*** Opening of INPUT MATERIAL ***

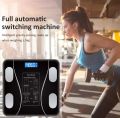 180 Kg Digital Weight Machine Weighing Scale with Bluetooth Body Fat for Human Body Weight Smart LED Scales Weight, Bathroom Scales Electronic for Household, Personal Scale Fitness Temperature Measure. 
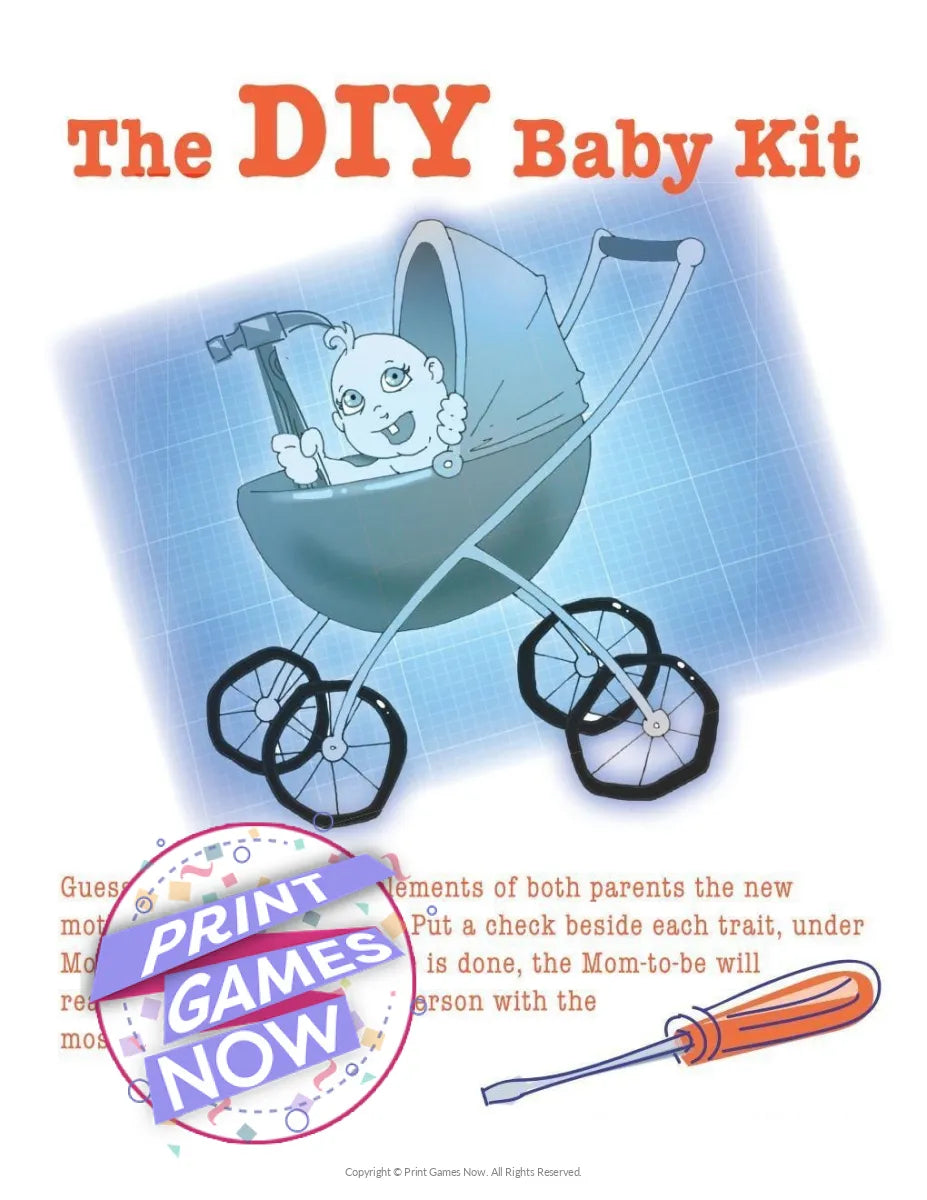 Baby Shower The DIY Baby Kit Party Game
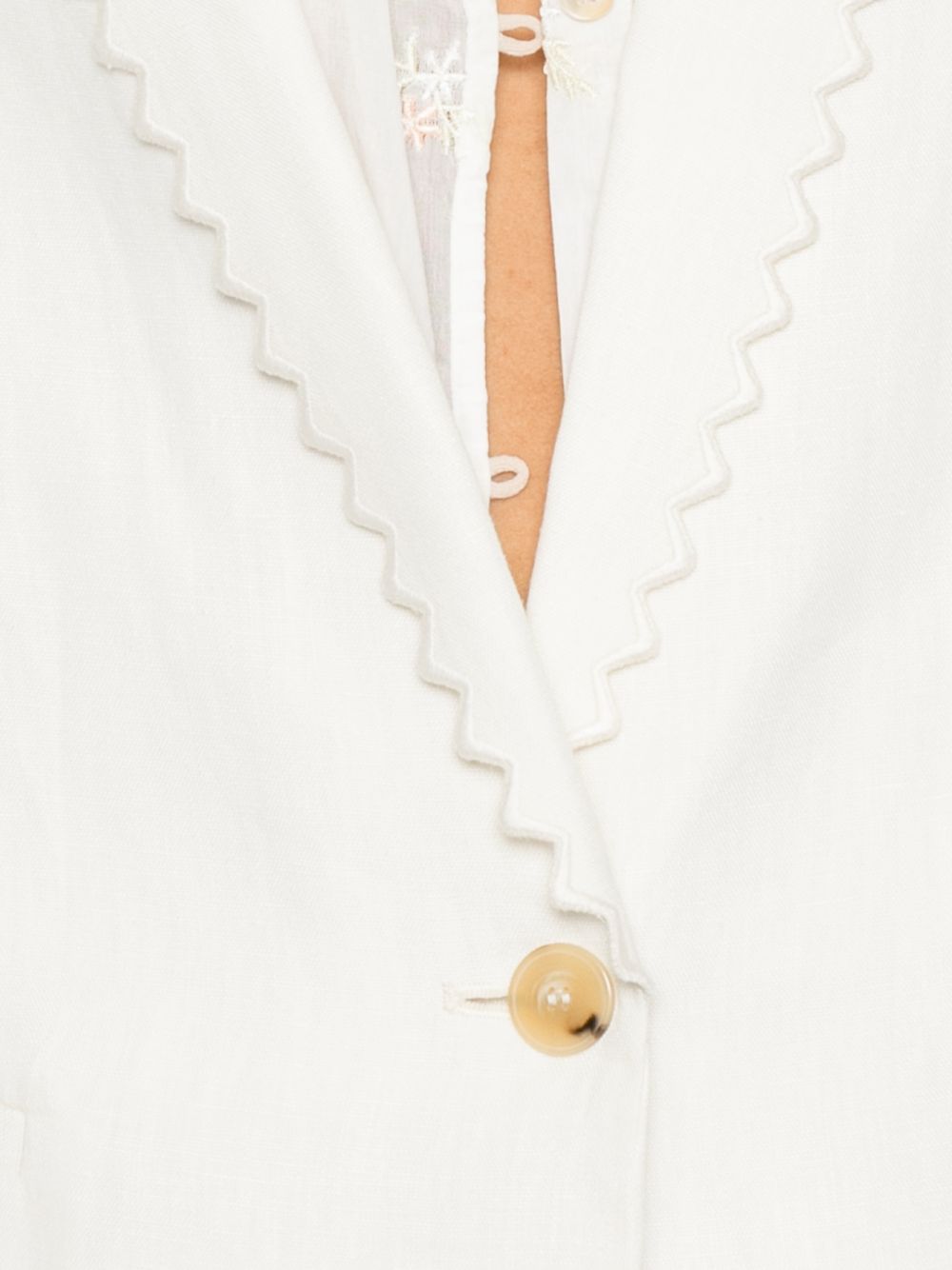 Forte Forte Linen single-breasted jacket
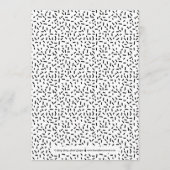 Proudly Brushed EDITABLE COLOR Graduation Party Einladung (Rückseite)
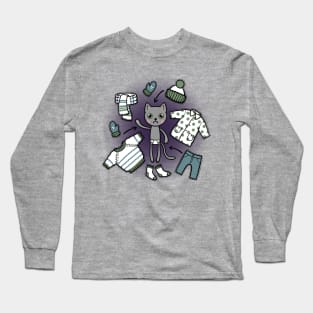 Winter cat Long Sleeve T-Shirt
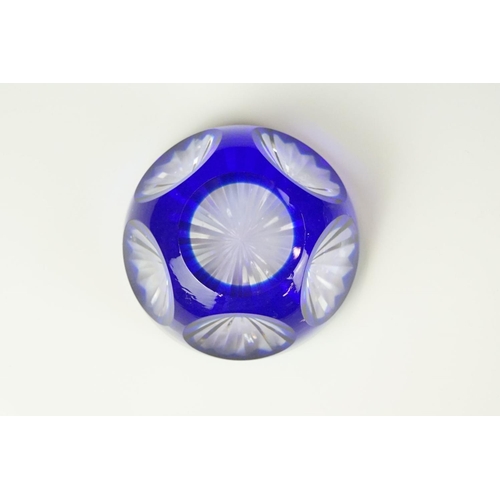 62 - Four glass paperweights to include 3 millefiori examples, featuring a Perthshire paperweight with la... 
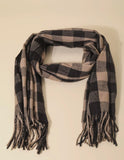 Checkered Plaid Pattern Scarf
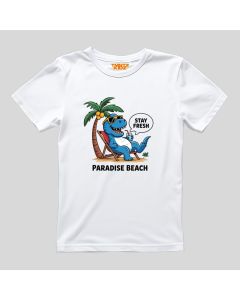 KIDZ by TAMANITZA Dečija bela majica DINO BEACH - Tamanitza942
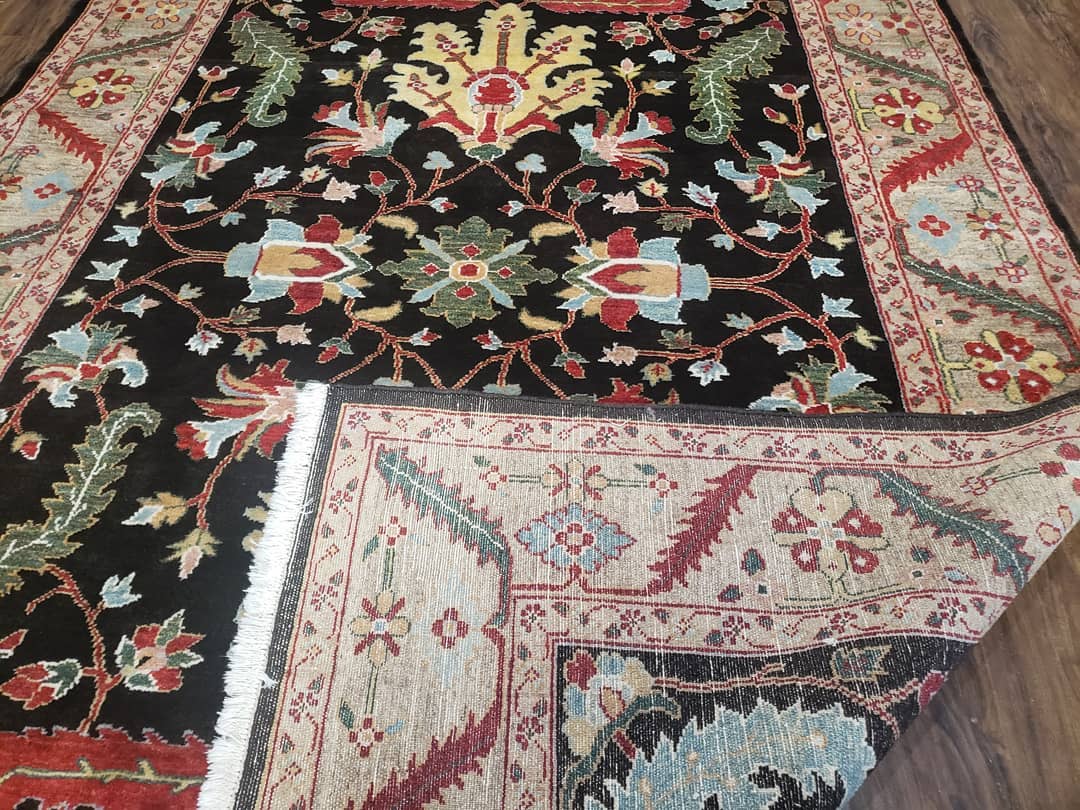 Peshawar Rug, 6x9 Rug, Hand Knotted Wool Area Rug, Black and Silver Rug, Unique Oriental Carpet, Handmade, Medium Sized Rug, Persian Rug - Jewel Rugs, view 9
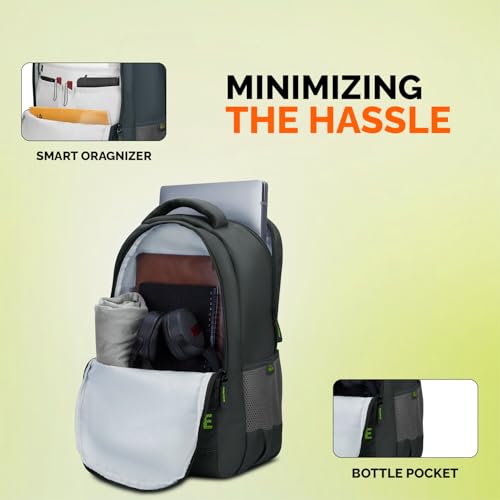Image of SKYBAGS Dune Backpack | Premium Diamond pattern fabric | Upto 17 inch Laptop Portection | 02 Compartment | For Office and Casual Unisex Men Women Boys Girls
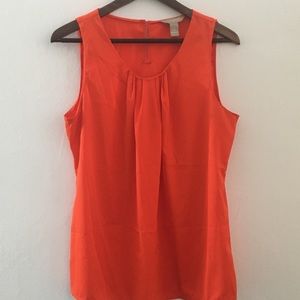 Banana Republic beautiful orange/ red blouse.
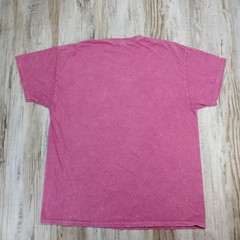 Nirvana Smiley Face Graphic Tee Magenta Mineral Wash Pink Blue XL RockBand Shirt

*** Close of INPUT MATERIAL ***

Please return the full listing word for word, but without any pictures.

REPLY TO THE EXERCISE:
 180 Kg Digital Weight Machine Weighing Scale with Bluetooth Body Fat for Human Body Weight Smart LED Scales Weight, Bathroom Scales Electronic for Household, Personal Scale Fitness Temperature Measure. 
 Baby Shower The DIY Baby Kit Party Game
 Forte Forte Linen single-breasted jacket
 Proudly Brushed EDITABLE COLOR Graduation Party Einladung (Rückseite)
 Winter cat Long Sleeve T-Shirt
 62 - Four glass paperweights to include 3 millefiori examples, featuring a Perthshire paperweight with la... 
 Checkered Plaid Pattern Scarf
 KIDZ by TAMANITZA Dečija bela majica DINO BEACH - Tamanitza942
 Peshawar Rug, 6x9 Rug, Hand Knotted Wool Area Rug, Black and Silver Rug, Unique Oriental Carpet, Handmade, Medium Sized Rug, Persian Rug - Jewel Rugs, view 9
Image of SKYBAGS Dune Backpack | Premium Diamond pattern fabric | Upto 17 inch Laptop Portection | 02 Compartment | For Office and Casual Unisex Men Women Boys Girls
 Banana Republic beautiful orange/ red blouse.
 Nirvana Smiley Face Graphic Tee Magenta Mineral Wash Pink Blue XL RockBand Shirt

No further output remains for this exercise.